By signing long-term financings we are significantly improving the debt maturity structure. The average maturity of the debt financings arranged for the Commercial Portfolio in 2012 is around 7 years. This has caused the average maturity across all debt of DIC Asset AG to improve considerably, specifically from 2.7 years (as at 30 September 2012) to around 3.5 years. The total costs of the agreed inventory financings equal around 3.25 per cent, which is substantially below the previous average cost of debt of 4.10 per cent. By the end of last year, we present cash and cash equivalents of approx. EUR 60 million. We expect to see an additional cash inflow of approx. EUR 10 million through the disposal of four properties from the proprietary portfolio at year-end whose transfer of ownership is expected in Q1 2013. This means we are starting off into the 2013 financial year with a stable financial structure and a comfortable liquidity position.

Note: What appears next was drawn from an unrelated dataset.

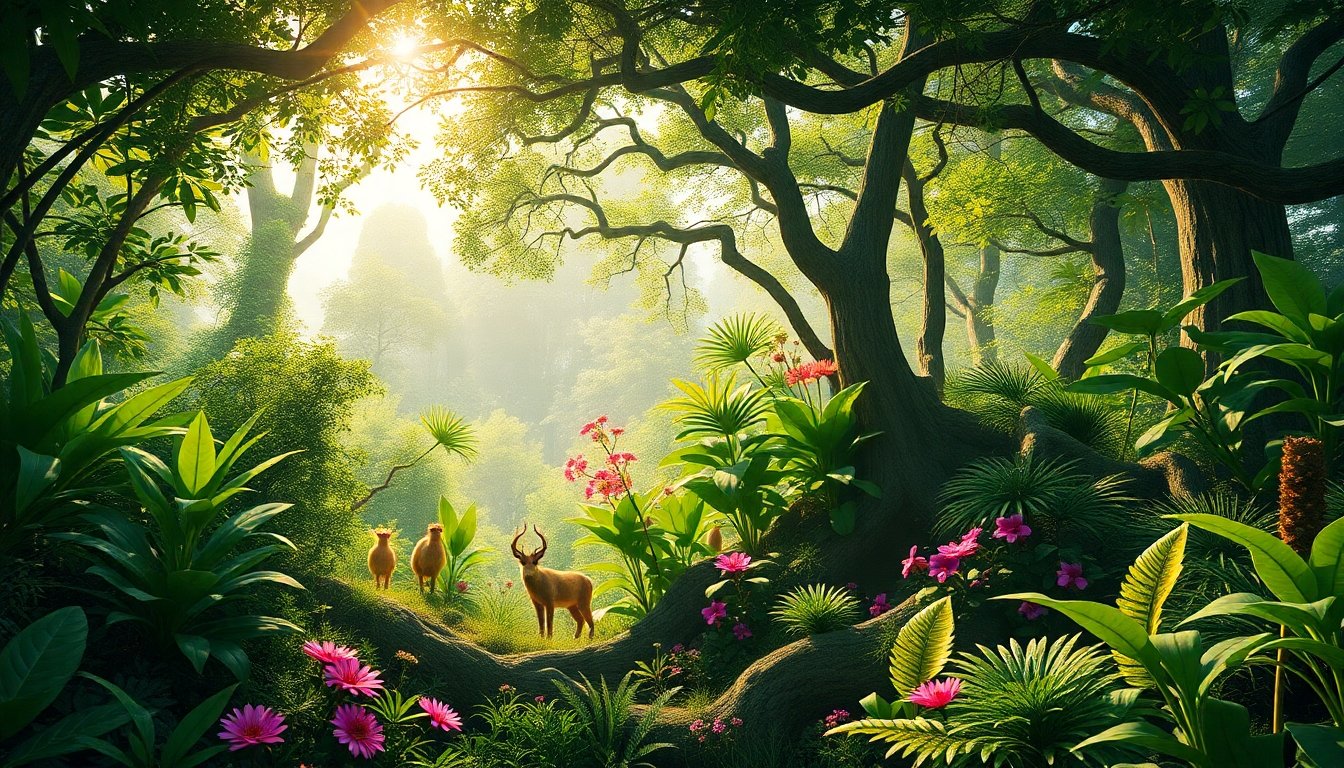 Ecosistema terrestre saludable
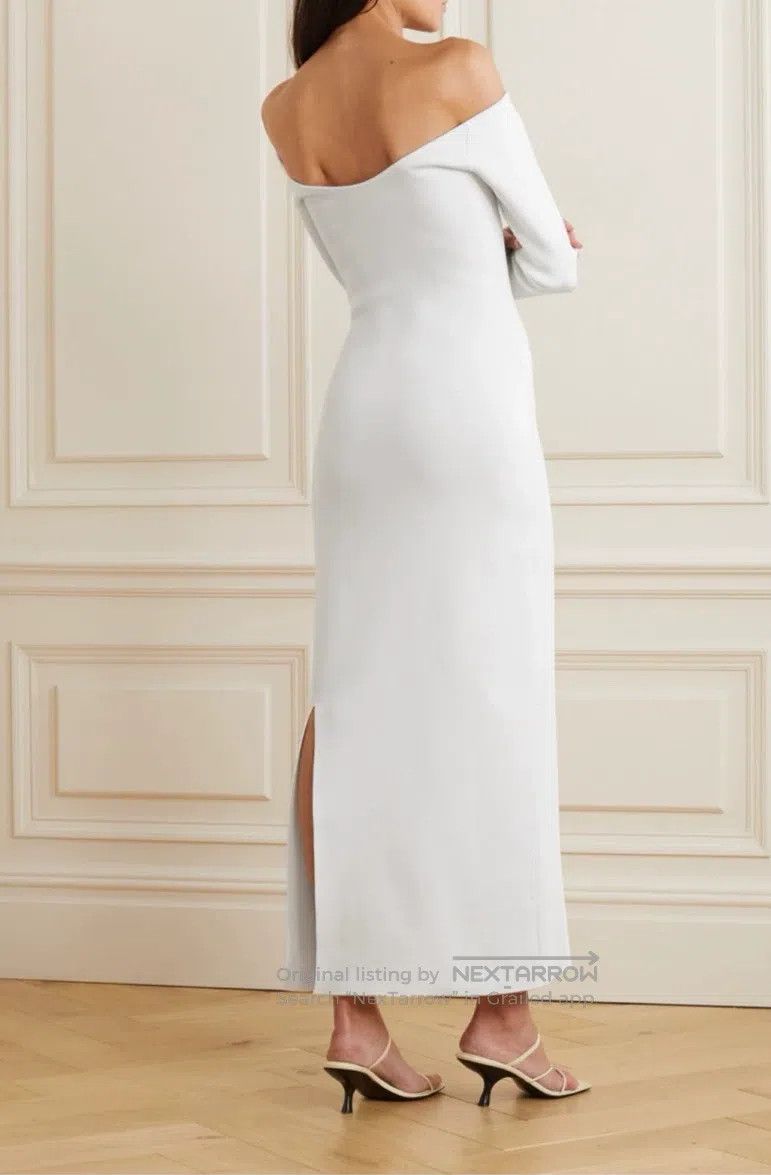 The Row The row Midi Little White Dress Size M / US 6-8 / IT 42-44 - 2 Thumbnail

The swift progress made in our operative business, as outlined above, has arguably laid the main foundation for continued success in the financial year of 2013. With this year’s lease expiration rate of only around 4 per cent of the rental income – which marks a significant lower level compared to previous years – we feel that we have a sound basis for pushing the vacancy rate down even further. The ongoing expansion of the fund business in 2013 will be on a significant increase in fund volume for the institutional retail fund ‘DIC HighStreet Balance’ and additional acquisitions for our first fund, ‘DIC Office Balance I.’ The focus of the MainTor project will be on the actual construction as well as on the continued marketing of the sub-projects started. These were initiated with great success and will make a significant contribution to earnings in the coming years.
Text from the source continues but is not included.